The U.S. economy grew at its fastest clip in five years in 2010, the Commerce Department reported on Jan. 28, as the country bounced back from recession and fears of a double-dip recession ebbed.
Growth hit 2.9% for the year, reversing the 2.6% contraction seen in 2009.
Releasing figures for the final quarter of what was a turbulent year for the world's largest economy, officials reported a late surge in consumer spending and an improving trade balance.
Consumer spending grew 4.4% in the last quarter, while growing exports and declining imports also served to boost growth.
The prospect of Americans spending, earning and exporting more boosted hopes that the jobless recovery may be coming to an end, despite the fact that the last quarter's growth of 3.2% missed economists expectations.
"The main concern is that growth could remain too weak to stimulate a sufficiently high rate of job creation to reduce stubbornly high unemployment, but today's GDP data at least take a step in the right direction," said Chris Williamson, chief economist with Markit.

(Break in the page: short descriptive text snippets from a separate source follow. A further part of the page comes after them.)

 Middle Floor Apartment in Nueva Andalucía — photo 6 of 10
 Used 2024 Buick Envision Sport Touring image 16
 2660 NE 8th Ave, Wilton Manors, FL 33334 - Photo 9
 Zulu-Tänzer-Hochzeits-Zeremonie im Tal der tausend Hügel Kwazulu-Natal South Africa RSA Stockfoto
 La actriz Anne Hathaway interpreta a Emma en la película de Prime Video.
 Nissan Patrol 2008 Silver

"Talk of a jobless recovery may prove misplaced in 2011."
The figures appeared to signal a turning point for the economy, which for much of the year had struggled to escape the recession's orbit.
Throughout 2010 growth was driven by businesses rebuilding inventories that had been run down during the height of the crisis.
That process -- always assumed to be a temporary economic boost -- now appears to be coming to be coming to an end.
"Inventory building subtracted 3.7 percentage points (in the fourth quarter) after adding significantly to growth over the previous five quarters," said Zach Pandl of Nomura.
But economists were encouraged that spending and exports are picking up the slack.
"The bottom line is that we have a healthier mix of components heading into 2011," said Brian Jones of Societe Generale, citing "a much more favorable mix between final demand and inventories."